Amanda Spielman has been approved by the Privy Council to become Ofsted’s next chief inspector – despite MPs raising concerns about her lack of awareness of the FE sector.
Former education secretary Nicky Morgan had put forward Ms Spielman to be the successor to Sir Michael Wilshaw as Her Majesty’s Chief Inspector (HMCI) when he steps down at the end of the year.
However, earlier this month, members of the Commons Education Select Committee rejected her candidacy on the grounds that they were not persuaded that Ms Spielman, currently chair of exams regulator Ofqual, had a "clear understanding" of FE, or that she was able to deliver the required level of "vision and passion".
Committee chair Neil Carmichael said Ms Spielman "failed to demonstrate to us the vision and passion we would expect from a prospective HMCI", and had failed ot persuade them that she had a "clear understanding" of areas of education outside the secondary school phase.
Ms Spielman's candidacy has been in doubt since the appointment of Justine Greening as the new education secretary last week – the first former sixth-form college student to hold the post.
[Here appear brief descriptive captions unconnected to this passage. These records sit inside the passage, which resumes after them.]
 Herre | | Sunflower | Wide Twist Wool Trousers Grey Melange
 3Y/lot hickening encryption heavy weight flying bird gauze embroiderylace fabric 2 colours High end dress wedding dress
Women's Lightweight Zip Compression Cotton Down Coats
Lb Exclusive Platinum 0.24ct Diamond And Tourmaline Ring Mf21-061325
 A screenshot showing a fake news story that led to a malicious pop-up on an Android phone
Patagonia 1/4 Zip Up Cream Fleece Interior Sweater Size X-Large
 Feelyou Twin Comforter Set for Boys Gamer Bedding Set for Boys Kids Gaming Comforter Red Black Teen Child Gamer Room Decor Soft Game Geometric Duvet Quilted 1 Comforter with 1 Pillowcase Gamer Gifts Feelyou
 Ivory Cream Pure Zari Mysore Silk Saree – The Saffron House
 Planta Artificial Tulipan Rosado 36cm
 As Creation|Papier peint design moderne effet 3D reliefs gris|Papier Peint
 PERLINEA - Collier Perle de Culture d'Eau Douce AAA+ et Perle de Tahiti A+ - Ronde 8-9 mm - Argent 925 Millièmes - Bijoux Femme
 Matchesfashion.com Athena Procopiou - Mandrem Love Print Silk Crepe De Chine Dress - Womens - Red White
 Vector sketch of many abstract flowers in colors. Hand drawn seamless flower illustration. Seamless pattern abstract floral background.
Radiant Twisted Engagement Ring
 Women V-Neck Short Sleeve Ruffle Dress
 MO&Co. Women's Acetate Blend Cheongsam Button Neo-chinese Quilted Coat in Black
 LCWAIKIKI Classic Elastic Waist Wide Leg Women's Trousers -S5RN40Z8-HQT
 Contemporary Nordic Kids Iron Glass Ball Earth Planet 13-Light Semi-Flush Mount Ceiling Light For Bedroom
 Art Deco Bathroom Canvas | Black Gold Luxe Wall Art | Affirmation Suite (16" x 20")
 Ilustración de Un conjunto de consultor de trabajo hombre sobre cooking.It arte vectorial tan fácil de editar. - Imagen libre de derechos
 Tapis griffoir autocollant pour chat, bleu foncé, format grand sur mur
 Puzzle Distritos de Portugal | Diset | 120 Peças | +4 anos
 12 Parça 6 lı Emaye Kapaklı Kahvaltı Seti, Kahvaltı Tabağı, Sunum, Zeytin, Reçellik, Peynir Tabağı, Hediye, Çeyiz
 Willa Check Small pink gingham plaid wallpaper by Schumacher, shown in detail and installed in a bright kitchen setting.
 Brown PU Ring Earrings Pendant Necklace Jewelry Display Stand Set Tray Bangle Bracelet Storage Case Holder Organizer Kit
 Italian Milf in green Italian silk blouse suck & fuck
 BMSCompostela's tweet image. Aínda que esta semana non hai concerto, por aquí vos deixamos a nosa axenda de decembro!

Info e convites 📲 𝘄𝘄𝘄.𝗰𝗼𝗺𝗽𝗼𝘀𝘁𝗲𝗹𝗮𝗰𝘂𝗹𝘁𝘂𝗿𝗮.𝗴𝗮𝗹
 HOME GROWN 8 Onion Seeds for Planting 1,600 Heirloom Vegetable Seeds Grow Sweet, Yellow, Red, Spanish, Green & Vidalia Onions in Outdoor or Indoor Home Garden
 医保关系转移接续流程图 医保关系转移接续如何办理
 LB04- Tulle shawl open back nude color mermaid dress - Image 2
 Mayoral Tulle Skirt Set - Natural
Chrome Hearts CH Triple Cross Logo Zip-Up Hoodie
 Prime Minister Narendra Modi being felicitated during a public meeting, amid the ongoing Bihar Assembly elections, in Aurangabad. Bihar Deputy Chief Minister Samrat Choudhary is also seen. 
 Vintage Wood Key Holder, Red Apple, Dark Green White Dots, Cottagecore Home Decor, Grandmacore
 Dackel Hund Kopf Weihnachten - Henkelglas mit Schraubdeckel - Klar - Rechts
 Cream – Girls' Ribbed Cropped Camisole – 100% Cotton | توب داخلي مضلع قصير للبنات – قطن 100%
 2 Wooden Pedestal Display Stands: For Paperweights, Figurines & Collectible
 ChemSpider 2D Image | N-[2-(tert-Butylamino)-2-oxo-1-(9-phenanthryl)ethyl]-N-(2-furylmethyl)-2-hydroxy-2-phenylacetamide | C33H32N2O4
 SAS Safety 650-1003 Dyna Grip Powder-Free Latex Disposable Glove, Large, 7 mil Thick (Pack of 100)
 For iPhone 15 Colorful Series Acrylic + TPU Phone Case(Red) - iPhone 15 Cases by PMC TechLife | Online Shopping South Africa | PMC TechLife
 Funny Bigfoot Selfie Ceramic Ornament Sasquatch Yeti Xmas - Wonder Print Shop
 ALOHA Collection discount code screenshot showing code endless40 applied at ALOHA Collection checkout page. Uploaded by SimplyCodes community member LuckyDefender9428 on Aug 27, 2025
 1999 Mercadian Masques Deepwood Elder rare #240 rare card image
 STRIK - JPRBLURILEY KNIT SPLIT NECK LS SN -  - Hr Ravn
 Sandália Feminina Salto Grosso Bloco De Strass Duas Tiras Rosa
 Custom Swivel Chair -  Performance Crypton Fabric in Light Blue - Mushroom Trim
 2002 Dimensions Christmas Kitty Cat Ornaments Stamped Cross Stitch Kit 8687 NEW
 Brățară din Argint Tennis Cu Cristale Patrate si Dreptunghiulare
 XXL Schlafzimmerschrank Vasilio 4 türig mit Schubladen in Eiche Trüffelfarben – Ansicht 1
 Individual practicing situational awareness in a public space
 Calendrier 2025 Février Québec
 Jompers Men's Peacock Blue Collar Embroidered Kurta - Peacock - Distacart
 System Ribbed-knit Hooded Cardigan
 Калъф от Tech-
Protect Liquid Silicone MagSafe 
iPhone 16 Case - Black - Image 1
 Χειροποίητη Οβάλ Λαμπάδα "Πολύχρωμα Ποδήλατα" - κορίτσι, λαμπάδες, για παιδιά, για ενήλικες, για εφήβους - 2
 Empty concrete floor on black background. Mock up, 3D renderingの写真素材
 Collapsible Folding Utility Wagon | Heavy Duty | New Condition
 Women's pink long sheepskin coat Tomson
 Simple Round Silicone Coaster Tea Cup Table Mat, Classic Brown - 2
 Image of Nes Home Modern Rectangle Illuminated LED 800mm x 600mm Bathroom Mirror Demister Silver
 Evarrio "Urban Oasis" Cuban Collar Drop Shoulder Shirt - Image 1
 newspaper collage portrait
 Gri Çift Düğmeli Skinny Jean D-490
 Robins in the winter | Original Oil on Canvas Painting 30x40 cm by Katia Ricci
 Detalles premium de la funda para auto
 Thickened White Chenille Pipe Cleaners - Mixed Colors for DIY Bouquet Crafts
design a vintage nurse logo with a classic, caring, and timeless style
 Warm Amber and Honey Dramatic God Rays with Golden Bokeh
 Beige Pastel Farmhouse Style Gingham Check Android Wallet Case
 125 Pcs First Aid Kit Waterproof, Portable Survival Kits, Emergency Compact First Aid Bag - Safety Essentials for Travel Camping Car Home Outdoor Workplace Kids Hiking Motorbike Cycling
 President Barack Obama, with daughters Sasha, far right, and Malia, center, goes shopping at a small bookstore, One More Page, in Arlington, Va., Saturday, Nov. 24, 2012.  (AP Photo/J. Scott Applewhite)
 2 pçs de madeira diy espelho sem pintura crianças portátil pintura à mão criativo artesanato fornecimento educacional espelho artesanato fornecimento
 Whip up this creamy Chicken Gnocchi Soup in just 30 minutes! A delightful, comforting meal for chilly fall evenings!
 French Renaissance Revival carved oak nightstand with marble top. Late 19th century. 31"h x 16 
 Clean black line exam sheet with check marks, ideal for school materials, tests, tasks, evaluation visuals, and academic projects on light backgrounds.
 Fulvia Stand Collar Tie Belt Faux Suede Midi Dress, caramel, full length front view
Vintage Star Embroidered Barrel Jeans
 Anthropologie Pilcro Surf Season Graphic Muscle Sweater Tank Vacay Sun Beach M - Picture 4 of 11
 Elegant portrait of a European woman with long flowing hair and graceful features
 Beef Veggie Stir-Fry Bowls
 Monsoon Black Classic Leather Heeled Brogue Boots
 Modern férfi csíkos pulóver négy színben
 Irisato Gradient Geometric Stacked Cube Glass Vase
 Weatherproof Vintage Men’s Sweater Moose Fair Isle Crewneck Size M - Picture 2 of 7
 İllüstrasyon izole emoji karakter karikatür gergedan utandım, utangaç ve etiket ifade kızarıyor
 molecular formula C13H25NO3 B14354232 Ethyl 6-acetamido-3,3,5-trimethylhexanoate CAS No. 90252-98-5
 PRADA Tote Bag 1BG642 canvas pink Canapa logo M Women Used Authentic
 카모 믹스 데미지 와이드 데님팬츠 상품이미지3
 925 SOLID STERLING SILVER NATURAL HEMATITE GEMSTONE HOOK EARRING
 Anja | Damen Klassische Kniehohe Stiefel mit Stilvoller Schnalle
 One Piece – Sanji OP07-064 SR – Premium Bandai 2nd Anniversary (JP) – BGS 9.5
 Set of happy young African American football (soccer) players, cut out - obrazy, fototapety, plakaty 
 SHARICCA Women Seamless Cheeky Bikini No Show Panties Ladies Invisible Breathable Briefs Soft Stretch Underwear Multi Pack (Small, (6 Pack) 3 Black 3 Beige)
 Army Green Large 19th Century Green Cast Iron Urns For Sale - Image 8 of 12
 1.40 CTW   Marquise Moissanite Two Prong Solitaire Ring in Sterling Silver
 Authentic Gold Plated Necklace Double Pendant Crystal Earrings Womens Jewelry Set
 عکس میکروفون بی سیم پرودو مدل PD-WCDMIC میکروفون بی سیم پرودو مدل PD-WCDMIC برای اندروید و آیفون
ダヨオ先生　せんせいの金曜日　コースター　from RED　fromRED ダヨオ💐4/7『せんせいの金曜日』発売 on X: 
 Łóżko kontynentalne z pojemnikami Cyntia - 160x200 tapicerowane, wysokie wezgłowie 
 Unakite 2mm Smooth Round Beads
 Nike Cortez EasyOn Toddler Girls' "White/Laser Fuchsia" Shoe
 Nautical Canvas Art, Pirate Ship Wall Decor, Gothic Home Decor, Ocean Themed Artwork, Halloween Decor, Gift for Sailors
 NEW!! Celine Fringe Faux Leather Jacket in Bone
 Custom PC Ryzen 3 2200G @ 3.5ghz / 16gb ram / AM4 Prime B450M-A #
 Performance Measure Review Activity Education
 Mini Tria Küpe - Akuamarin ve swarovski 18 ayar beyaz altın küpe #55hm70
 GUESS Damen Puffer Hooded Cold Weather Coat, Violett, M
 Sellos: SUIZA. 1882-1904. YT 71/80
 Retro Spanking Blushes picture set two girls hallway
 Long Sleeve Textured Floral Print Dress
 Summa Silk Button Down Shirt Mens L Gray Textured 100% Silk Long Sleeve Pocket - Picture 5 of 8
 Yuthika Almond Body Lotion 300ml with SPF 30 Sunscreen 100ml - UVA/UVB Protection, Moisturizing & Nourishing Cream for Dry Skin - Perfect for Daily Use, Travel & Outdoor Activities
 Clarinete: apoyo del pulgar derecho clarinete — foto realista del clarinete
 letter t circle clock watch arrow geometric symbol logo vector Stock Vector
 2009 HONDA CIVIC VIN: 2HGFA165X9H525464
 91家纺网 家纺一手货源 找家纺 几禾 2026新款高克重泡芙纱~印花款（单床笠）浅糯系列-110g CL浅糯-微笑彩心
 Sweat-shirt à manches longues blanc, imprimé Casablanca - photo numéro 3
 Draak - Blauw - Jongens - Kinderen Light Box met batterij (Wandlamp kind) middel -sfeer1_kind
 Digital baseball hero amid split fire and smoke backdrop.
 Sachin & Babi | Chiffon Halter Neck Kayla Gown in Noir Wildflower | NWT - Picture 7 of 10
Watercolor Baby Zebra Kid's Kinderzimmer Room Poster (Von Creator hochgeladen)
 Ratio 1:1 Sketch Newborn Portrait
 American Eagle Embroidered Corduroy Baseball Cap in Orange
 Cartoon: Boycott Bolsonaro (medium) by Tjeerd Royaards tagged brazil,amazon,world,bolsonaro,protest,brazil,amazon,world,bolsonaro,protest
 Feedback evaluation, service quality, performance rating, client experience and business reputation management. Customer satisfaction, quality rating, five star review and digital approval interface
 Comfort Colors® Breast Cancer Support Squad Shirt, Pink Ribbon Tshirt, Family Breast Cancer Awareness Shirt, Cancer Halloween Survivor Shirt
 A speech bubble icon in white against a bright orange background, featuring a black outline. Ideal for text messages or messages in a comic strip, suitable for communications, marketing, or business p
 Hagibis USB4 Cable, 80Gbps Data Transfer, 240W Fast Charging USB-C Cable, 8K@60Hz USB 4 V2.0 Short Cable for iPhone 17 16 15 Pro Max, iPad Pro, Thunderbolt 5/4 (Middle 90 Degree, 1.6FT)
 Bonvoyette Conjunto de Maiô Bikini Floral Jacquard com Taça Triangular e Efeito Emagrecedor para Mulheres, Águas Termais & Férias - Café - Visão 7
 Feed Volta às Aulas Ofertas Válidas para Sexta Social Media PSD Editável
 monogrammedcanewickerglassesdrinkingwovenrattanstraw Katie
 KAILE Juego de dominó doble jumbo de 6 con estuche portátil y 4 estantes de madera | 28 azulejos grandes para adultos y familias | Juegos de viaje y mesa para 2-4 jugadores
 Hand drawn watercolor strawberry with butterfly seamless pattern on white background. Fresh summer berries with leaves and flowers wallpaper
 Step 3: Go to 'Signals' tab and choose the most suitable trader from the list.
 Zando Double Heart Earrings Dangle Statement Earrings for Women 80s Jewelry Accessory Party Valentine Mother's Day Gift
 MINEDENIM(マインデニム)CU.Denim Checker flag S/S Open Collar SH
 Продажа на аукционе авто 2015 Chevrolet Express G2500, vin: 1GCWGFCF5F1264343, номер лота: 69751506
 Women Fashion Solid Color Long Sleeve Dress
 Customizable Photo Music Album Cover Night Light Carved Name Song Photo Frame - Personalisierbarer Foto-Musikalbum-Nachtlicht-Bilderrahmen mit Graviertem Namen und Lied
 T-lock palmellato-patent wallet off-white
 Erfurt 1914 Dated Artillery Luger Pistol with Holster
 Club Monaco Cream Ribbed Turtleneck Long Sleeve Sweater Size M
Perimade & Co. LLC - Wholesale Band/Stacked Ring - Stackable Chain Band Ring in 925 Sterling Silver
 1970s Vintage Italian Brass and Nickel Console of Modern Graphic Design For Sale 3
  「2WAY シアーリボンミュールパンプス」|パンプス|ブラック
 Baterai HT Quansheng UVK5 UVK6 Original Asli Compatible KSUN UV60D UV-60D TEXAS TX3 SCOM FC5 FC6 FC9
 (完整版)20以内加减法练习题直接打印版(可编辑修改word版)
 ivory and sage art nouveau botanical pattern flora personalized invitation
Despite the committee’s refusal to back Ms Spielman, leaders in the FE sector welcomed Ms Spielman’s candidacy. Association of Colleges chief executive Martin Doel said he had been "reassured by Ms Spielman’s comments on further education" when she appeared before the committee.
"While there may have been concerns that she has never been a teacher, we have had a series of chief inspectors at Ofsted who had little or no experience of further education. In this context, Ms Spielman’s lack of detailed knowledge did not seem problematic," he added.
At the time, Mark Dawe, chief executive of the Association of Employers and Learning Providers, said: "As for the committee’s desire for passion, some of the previous chief inspectors have had this in abundance and if misdirected, it’s not always a good thing," he said. "We hear protestations that Ofsted doesn’t make policy but the passion has sometimes in our view led to overzealous attempts to influence it.
"Furthermore, it seemed to us that the current chief inspector appeared to allow personal prejudice to interfere with inspection findings when reporting on FE and work based learning in particular."